Giobbe esplode col suo grido e con la sua domanda fino a mandare in frantumi tutti gli schemi della sapienza tradizionale, delle persone molto religiose e sicure di sé. Se il Libro di Giobbe non ci mette in crisi e non ci scandalizza non possiamo comprenderlo. Fermandoci prima, tenendo per buone soltanto le cose che già riteniamo di sapere, non facciamo altro che rimanere ingabbiati nelle nostre categorie teologiche, continuando a vivere la nostra vita di ogni giorno come se vera novità non dovesse più esserci all’orizzonte, come se dovesse continuare in eterno un mondo nel quale pochissimi gozzovigliano di fronte alla sterminata massa di innocenti che soffrono.

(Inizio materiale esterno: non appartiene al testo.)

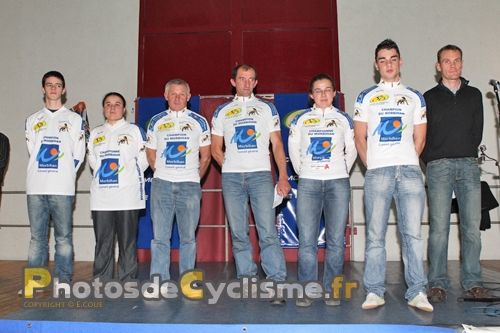 AGCD562010 (128)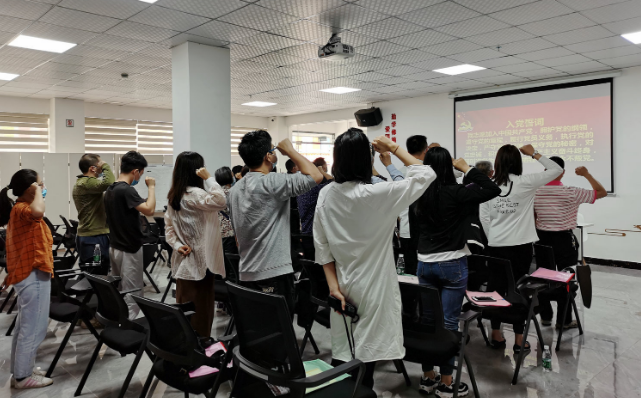 车陂街西华社区党总支部开展“学党史、知党情”学习教育活动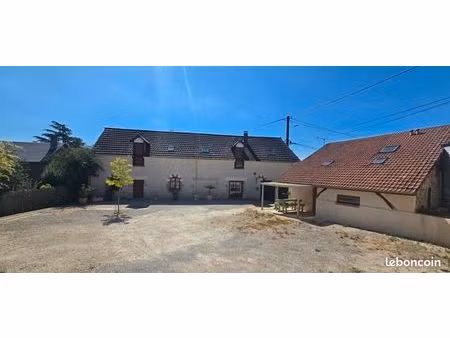 longère 5 pièces 165 m²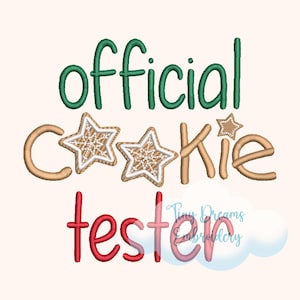 Puede incluir: Diseño bordado con las palabras "official cookie tester" en verde, beige y rojo. La palabra "cookie" presenta galletas en forma de estrella con detalles blancos y beige. El diseño está sobre un fondo crema.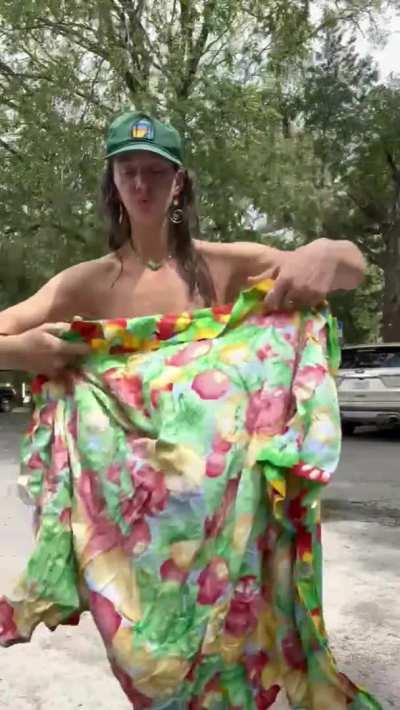 Who needs a changing room when you have the parking lotð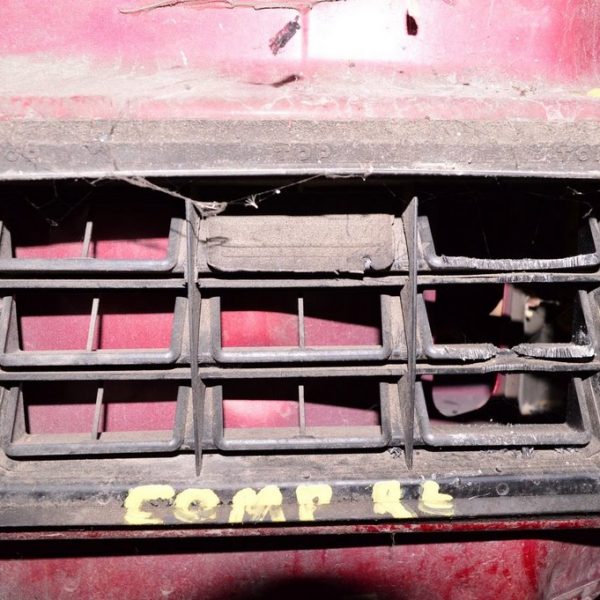 Щиток вентиляции нижний левый Jeep Compass 11-16 без резинок 55394330AB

Né Eliu, il quarto uomo che intervenne a replicare a Giobbe, né Dio stesso, che intervenne per ultimo, in realtà rispondono. Tutto quanto audacemente sollevato dalle grida di Giobbe rimane ancora in sospeso nel libro e nella storia. E questo accade, dice ancora Quinzio, “perché la domanda di Giobbe è in realtà la domanda del Dio che è con lui nella tribolazione. Le Scritture infatti, ci sono offerte come storia di Dio”. E se è così, allora “il discorso sapienziale rotto dal grido di Giobbe è l’ordine sacro rotto dal grido di Dio” (p. 17). E da tale rottura trapelano energicamente la sofferenza e l’impotenza di Dio e, insieme, anche la sua credibilità e potenza, soprattutto di fronte a chi ha sofferto, è morto, ed era innocente.

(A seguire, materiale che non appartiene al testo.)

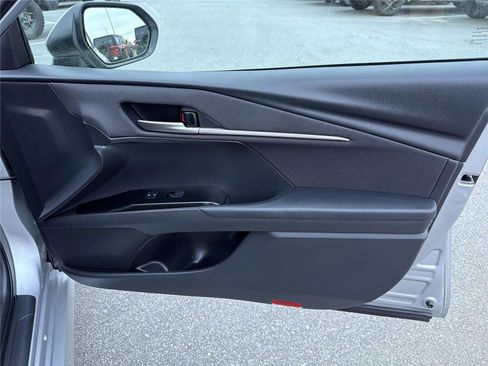 Used 2026 Toyota Camry LE image 14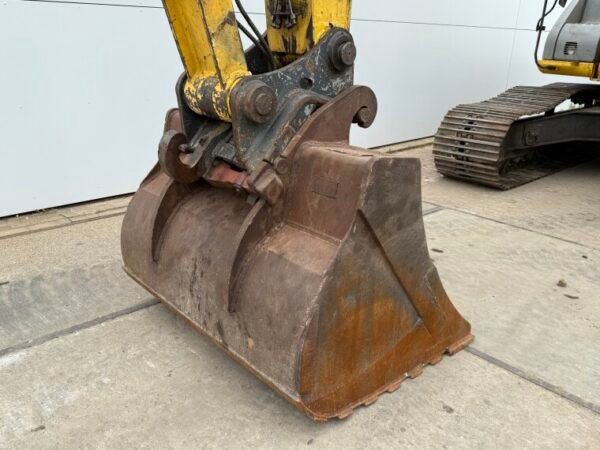 New Holland E215LC - Image 18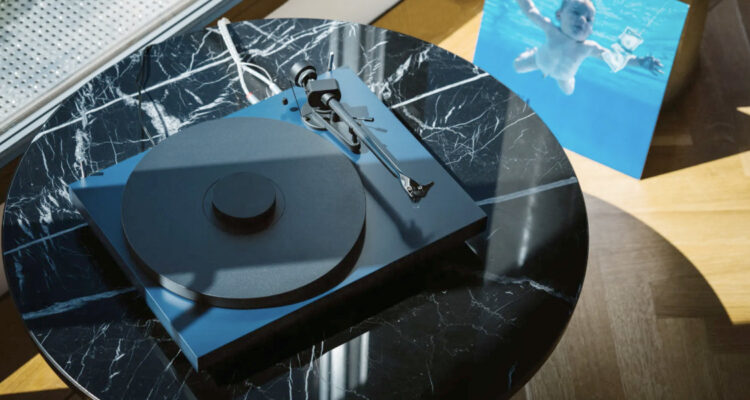Pro-Ject-Debut-EVO-2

Il giusto tribolato Giobbe grida al cielo e finisce col trascinare giù Dio a terra, fino a far sì che nasca e cresca nel grembo santissimo di Maria, facendo propria, nella sua carne e nella sua interiorità di giovane uomo innocente, la condizione di servo, la croce e la morte, e solo così dando anche a noi speranza di giustizia e di vita eterna. Che Gesù sia risorto lo attesterà il fatto concreto e reale dei morti che risorgono, ma soprattutto lo attesterà la nuova venuta del Risorto. Il Cristo risorto è l’Ebed, il Servo sofferente di YHWH, e il Goél, il Redentore, insieme. Chi ci salverà è l’Onnipotente creatore di tutto sceso tra noi negli abissi della kenosis (Fil 2,8), come servo insieme al suo servo Giobbe e a tutti i servi della storia del mondo, un Dio che nel suo regno ha promesso di servirci “a tavola” (Lc 12,37).

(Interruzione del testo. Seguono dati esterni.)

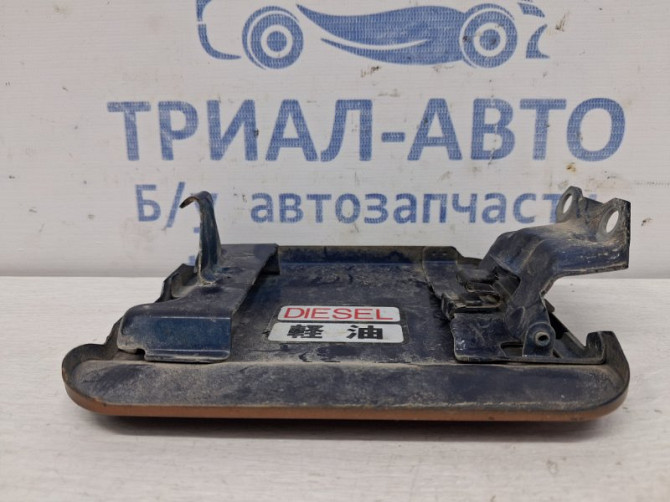 Лючок бака Mitsubishi Pajero Sport K9 2.5 DIESEL 4D56 1996 (б/у) Киев - изображение 3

La conclusione del Commento di Quinzio a Giobbe, lungi dal perdersi in interminabili ed erudite citazioni e argomentazioni torna, dopo quasi mezzo secolo, a dirci questo: “La verità detta da Giobbe rivela tutto il suo terribile senso soltanto oggi, quando anche la sofferenza di Giobbe, la sofferenza di Dio (36,21; Atti, 2,36), è stata inghiottita da un nuovo, bimillenario, più angusto ordine sacro, che giustifica il male presentando la tomba come la tranquilla porta della salvezza. Il Libro di Giobbe è perciò profezia della condizione dei santi negli ultimi giorni del mondo, quando la distruzione del mondo (2Pt 3,7) dovrà rivelare fino in fondo il fallimento non più sostenibile di ogni ordine mondano” (p. 19). 

E dovrà rivelarlo squarciando ordini sacri “da cima a fondo”, facendo tremare “la terra”, spezzando “le rocce” e aprendo le tombe, facendo risuscitare i “corpi” di coloro che sono “morti” -esattamente come già avvenne, in un mistero di insondabile primizia, per “molti corpi di santi” che “apparvero a molti” entrando “nella città santa, subito dopo la risurrezione di Gesù (Mt 27,51-53) - affinché siano finalmente consegnati e per sempre alla vita e al banchetto del “regno di Dio” (Mc 14,25).